After art school in Madrid, Helena Cabello and Ana Carceller continued their studies at the University of Glasgow and then the San Francisco Art Institute. Since they began working together in the early 1990s, Cabello/Carceller have used performance, video, installation, drawing and texts to interrogate hegemonic visual representations. This approach has specifically focused on the process of the construction of fixed gender identities, using gender, queer and decolonial frames.
Among their best-known early works are Bollos (1996), where they appropriate the term bollera, an insulting reference to lesbians, by performing the literal meaning of the word – each eating a bollo, cream puff. Another video, Un Beso [A kiss, 1996] where “the personal is political” brings out the dynamic between the collective character of their work and the fact that each is a distinct individual constantly negotiating their collaboration. This reflection on the issue of authorship that appeared in their first pieces through the introduction of the figure of the double – here their own two bodies – was to become more critical in regard to the Spanish art ecosystem of the 1990s and its excessive preoccupation with authorship and individuality.

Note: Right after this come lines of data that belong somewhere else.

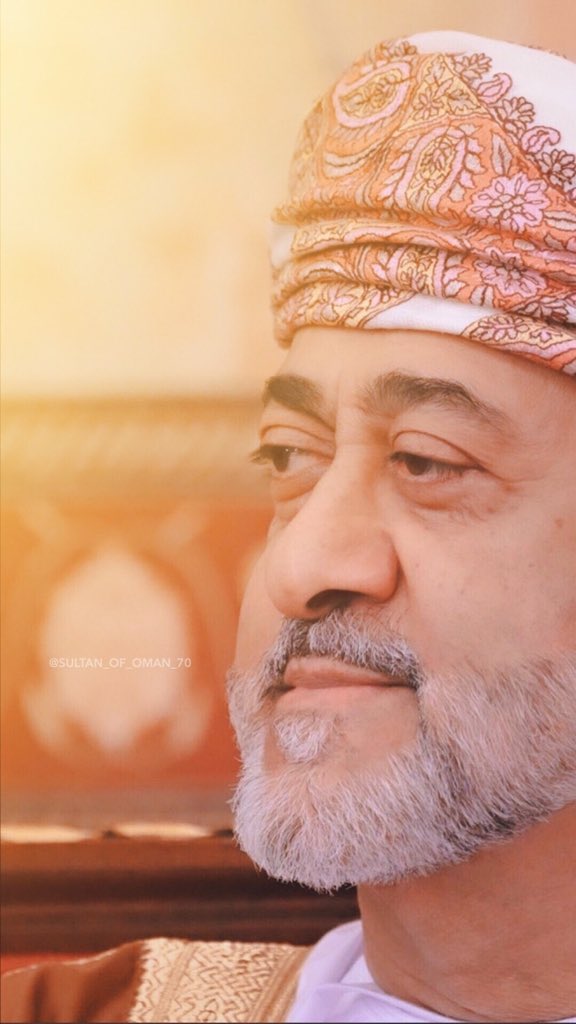 dr_ism3il's tweet photo. يا سيدي هيثم الامجــاد نفديك
تحت الامر لا دعانا للوطن داعي

فيك الامل والعشم دائم مساعيك
في معضلات الامور فْ حلّها ساعي

امسى الطبيب العماني من يناديك
صوت الوظيفه بلا رقمٌ لـه يْراعي

المشكله من ثلاث سْنين الامل فيك
دامك على حلها وامرك له مْطاعي

 #طبيب_عماني_يعمل_بدون_توظيف2 https://t.co/gUa8OXqHA3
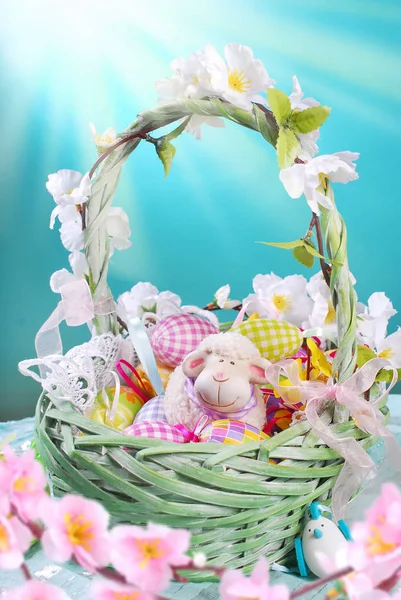 Easter basket with eggs and spring decoration — Stock Photo, Image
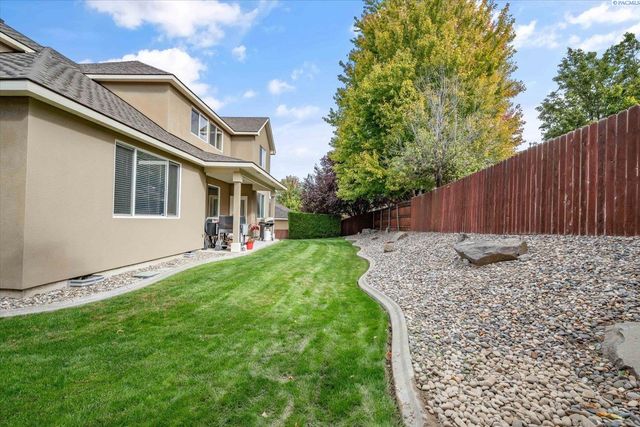 3515 S Keller Street, Kennewick, WA 99337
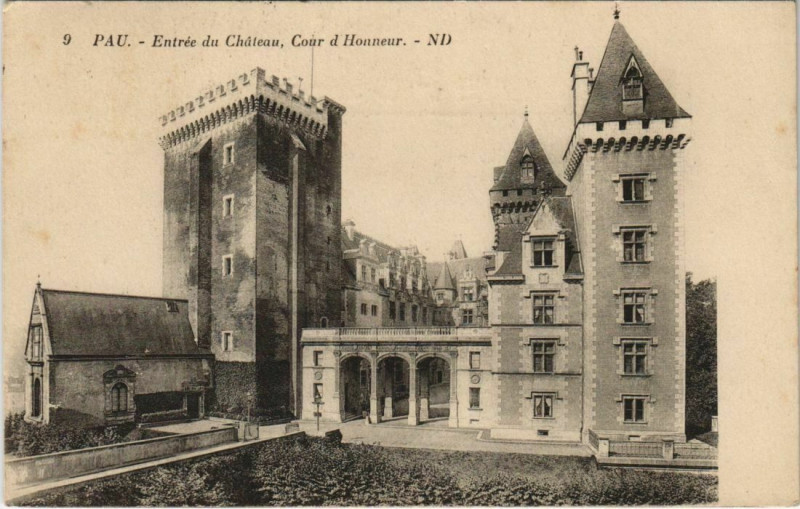 Carte postale ancienne L'Entrée du Château, Cour d'Honneur à Pau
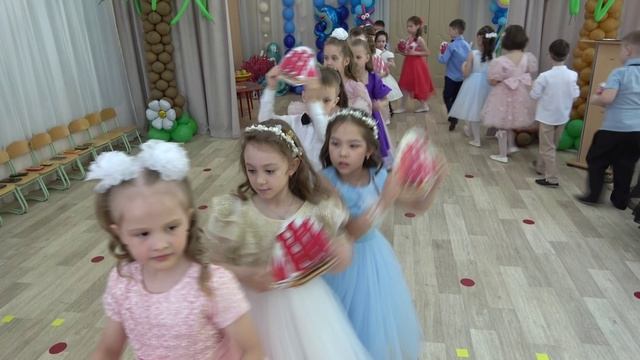 С Вып-25 с-48 Др семейка-жизнь в саду-3 Наш кораблик с названием Детство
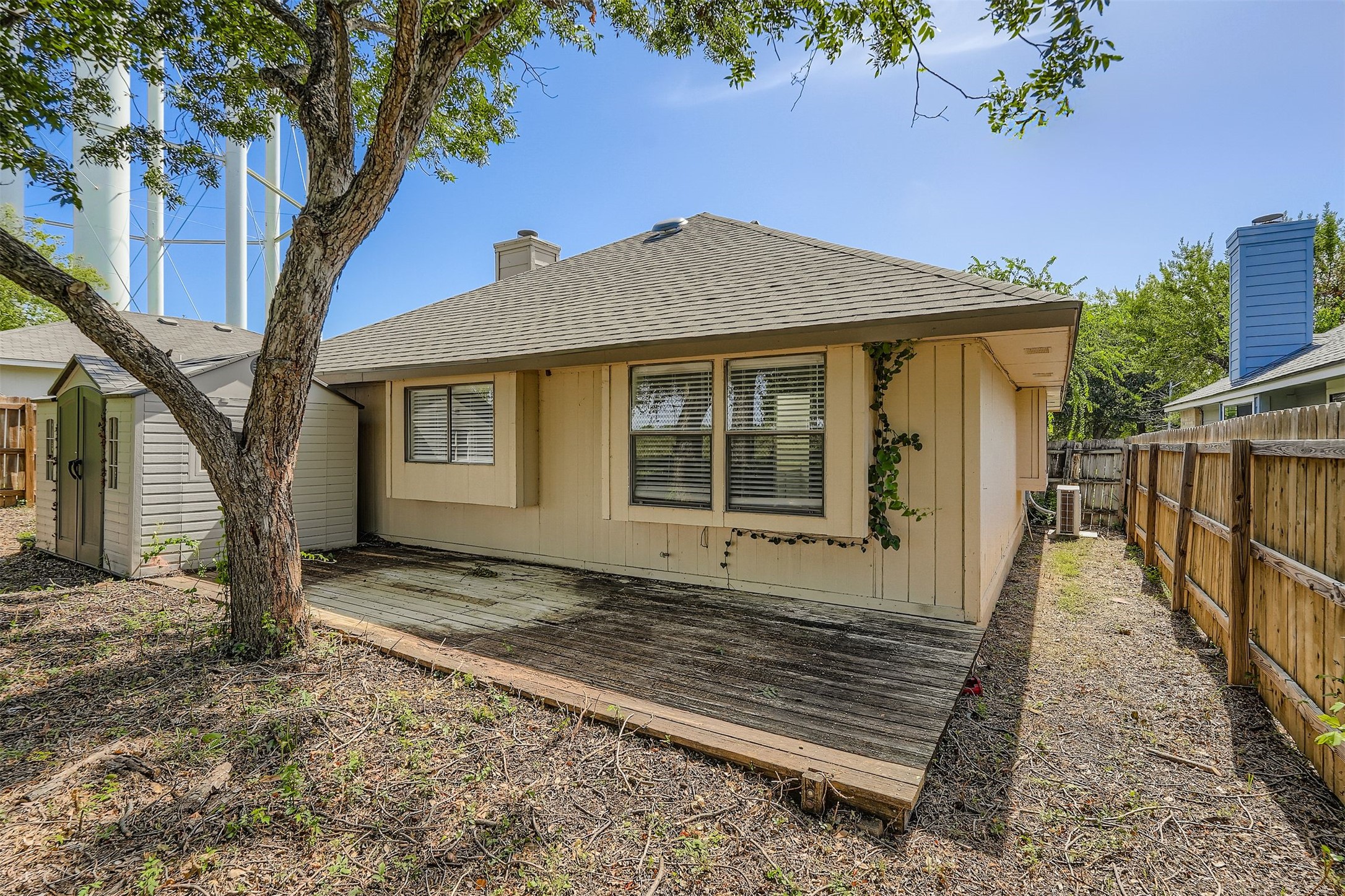 main property photo 21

They also employ the figure of the doppelganger to problematise the whole concept of an original and underline that art cannot be produced in isolation, as prized as that conceit may be by the neoliberal system based on competition between individuals. A few years later, Cabello/Carceller extended this call for collectivity by bringing amateur actors into their filmed performances. In Casting (2004), 16 women, responding to an open call, one by one play James Dean in a scene from the film Rebel Without a Cause. The ongoing project Archivo: Drag modelos (beginning in 2007) marks the appearance of another of the tools most commonly employed by artists, the combination of real-life documentation and fictional narratives. This “somatic fiction” generates defamiliarised movie scenes that evoke the impossibility of fixed identities and opens up the possible representations of subjectivity and desire.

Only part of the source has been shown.